FlashGraph merges I/O requests to maximize its performance. During an iteration of most algorithms, there are a large number of vertices that will likely request many edge lists from SSDs. Given this, it is likely that multiple edge lists required are stored nearby on SSDs, giving us the opportunity to merge I/O requests. FlashGraph globally sorts and merges I/O requests issued by all active state vertices for applications where each vertex requests a single edge list within an iteration.

Intelligent scheduling of vertex-programs helps to ensure there is plenty of opportunity for performing such merges:

In general, FlashGraph favors a large number of running state vertices because it allows FlashGraph to merge more I/O requests to improve performance. In practice, performance improvement is no longer noticeable past 4000 running state vertices per thread. The default scheduler processes vertices ordered by vertex ID. This scheduling maximizes merging I/O requests for most graph algorithms because vertices request their own edge lists in most graph algorithms and edge lists are ordered by vertex ID on SSDs.

To further minimize I/O, and to handle the largest graphs possible, FlashGraph pays great attention to efficient in-memory (for vertices) and on-disk (for edge lists) structures. See sections 3.5 and 3.6 of the paper for details.

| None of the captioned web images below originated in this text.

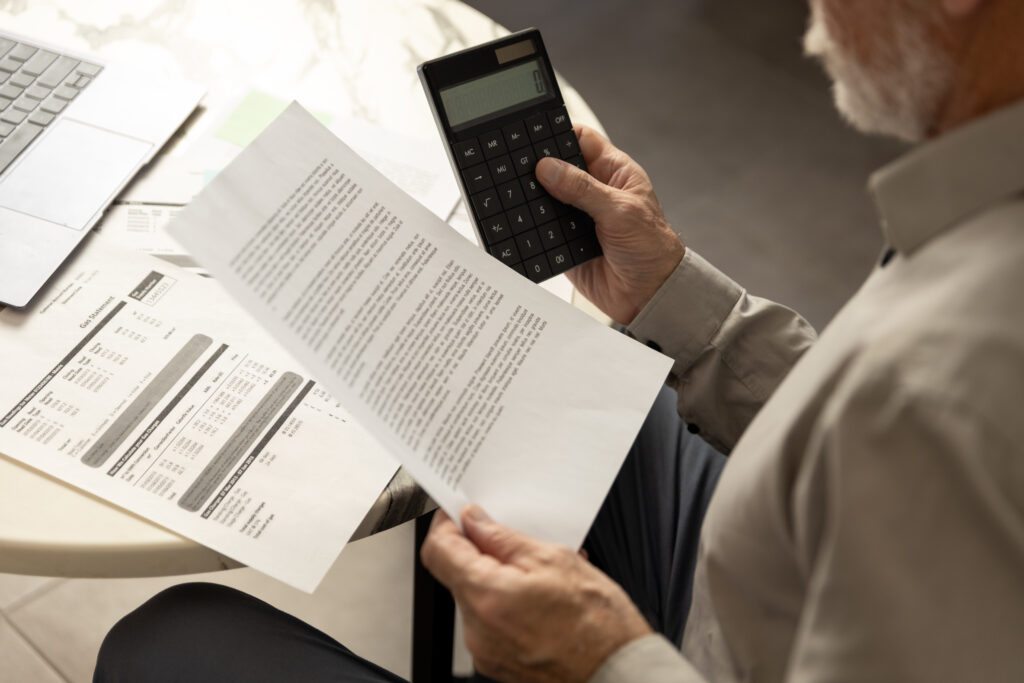 Older man reviewing a bill while holding a calculator at a table with a laptop nearby.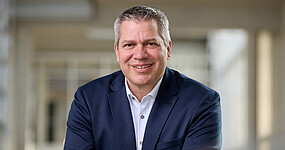 Mann mit kurzen grauen Haaren, braunen Augen, dunkelbauen Jackett und weißem Hemd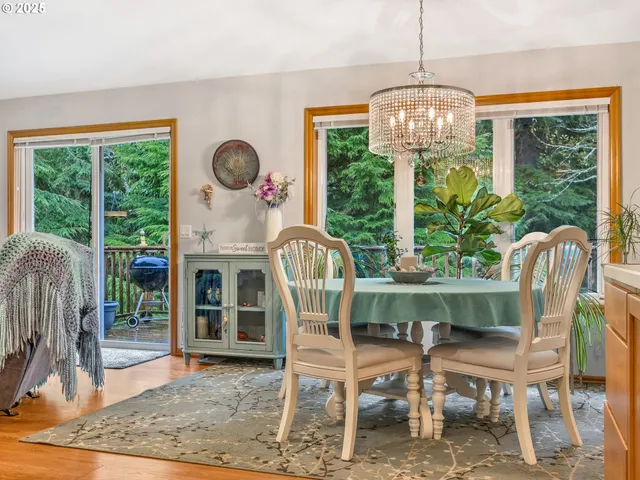a dining room with furniture a chandelier and wooden floor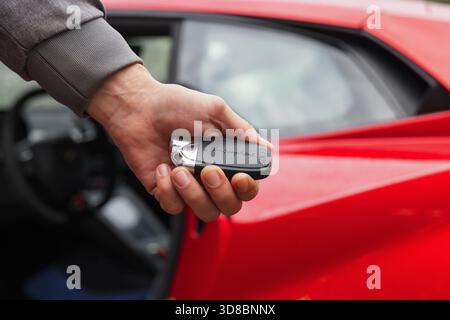 Slowenien, Ljubljana - 9. Oktober 2025: Lamborghini Huracan STO-Schlüssel wird von einer Person in der Nähe der Autotür im Händlerbetrieb gehalten Stockfoto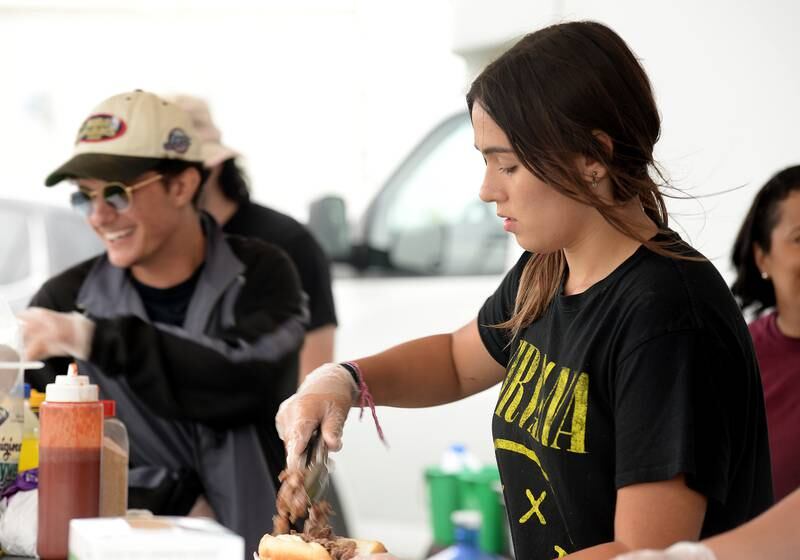 LaGrange Endless SummerFest server, Kayla Chrenen of Countryside prepares an Italian Beef for a fest attendee Sunday Aug 6, 2023.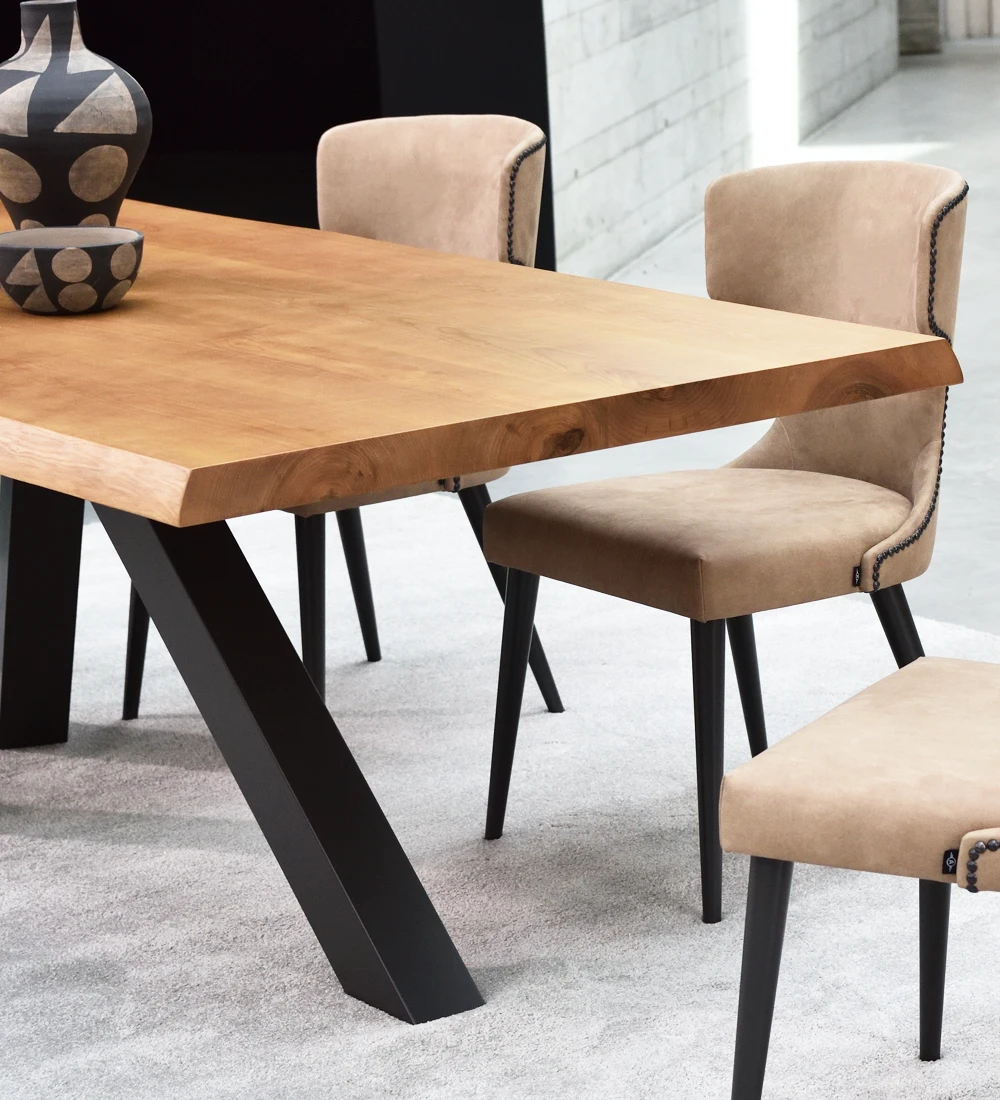 Rectangular dining table with ash wood top and anthracite lacquered metal legs.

FlashGraph uses 2D partitioning. First there is range partitioning by vertex id to divide the vertices into horizontal partitions (edge cutting). This range partitioning helps FlashGraph to improve data locality for disk I/O in many applications. A range can then be vertically partitioned (vertex cutting):

The vertical partitioning in FlashGraph allows programmers to split large vertices into small parts at runtime. FlashGraph replicates vertex state of vertices that require vertical partitioning and each copy of the vertex state is referred to as a vertex part. A user has complete freedom to perform computation on and request edge lists for a vertex part. In an iteration, the default FlashGraph scheduler executes all active vertex parts in the first vertical partition and then proceeds to the second one and so on. To avoid concurrent data access to vertex state, a vertex part communicates with other vertices through message passing.